Estimated read time: 8 min
Sections in this article
Share on blog/article:
LinkedIn

Keeping Track: Version Control for Reproducible Research

Turing Way - image of Track Project History by Scriberia

On the 22nd of May, the Imperial College London Research Software Engineering community hosted the first session of the Research Software Conversation series: Tools and Techniques for Modern Research in different domains. This event explored how version control helps to make research more reproducible.

The event opened with a short talk by Ms Hui Ling Wong — Presentation Final Final Final: Version Tracking with Git — outlining the challenges version control addresses, demonstrated its role in research reproducibility and productivity, and delivered a concise Hitchhiker’s Guide to Git for researchers. To complement her presentation, she also introduced a website she's developing to signpost researchers toward useful Git-related resources. This was followed by a round table discussion, facilitated by Dr Irufan Ahmed (Senior Research Software Engineer), with Dr Chris Cantwell (Reader in Computational Engineering), Prof. Sylvain Laizet (Professor in Computational Fluid Mechanics), Prof. Rafael Palacios (Professor in Computational Aeroelasticity), and Dr Alvaro Cea (Research Associate).

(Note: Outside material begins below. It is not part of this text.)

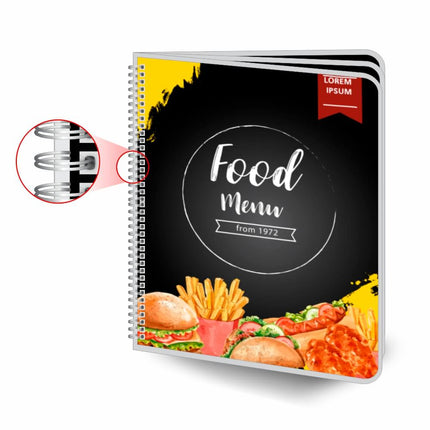 Cardápios  Wire O  6 Páginas Plastificação Rígida 0,10Mm Couchê 150G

A group of people in a lecture hall

AI-generated content may be incorrect.

Photo by Saranjeet Bhogal

The discussion was frank, insightful, and occasionally humorous, unfolding in an engaging fireside chat atmosphere as panellists shared hard-earned lessons from decades of working with (and without) version control. A wide range of topics were explored, from the pivotal moments that drove adoption to unpacking how academic incentive structures often hinder and fail to promote the adoption of good software practices. Though time ran short, the conversation yielded rich insights. The following sections are highlights from the discussion.

A group of people sitting in chairs

AI-generated content may be incorrect.

Photo by Saranjeet Bhogal

Git Happens: The Journey to Version Control

In research, the multitude of demands placed on the researcher means that version control adoption is rarely driven by a commitment to best practices. Instead, it is forged in the fires of lost time, increasing frustrations with the status quo, and a deep-seated conviction that there must be a better way. Those experiences metamorphose into using version control as a vital tool for tackling the trials academia throws at them.

This journey was a resonant theme through the panel’s stories:

  • Sylvain reached a turning point when the growing complexity made solving the problem untenable without version control and better software practices.
  • Chris watched Nektar++ grow beyond being a departmental project. Dropping Subversion in favour of Git, creating the linchpin for empowering collaborators to work independently while safeguarding the code wayward PhD projects.
  • Rafa’s aerospace industry experience – where he effectively became the version control system and endured the tedium of dealing with a folder-based system – left an indelible mark on him. When he returned to academia, it spurred him to learn Subversion and began challenging the prevailing mindset that treated PhD code as disposable, valuing only the resulting equations and theory.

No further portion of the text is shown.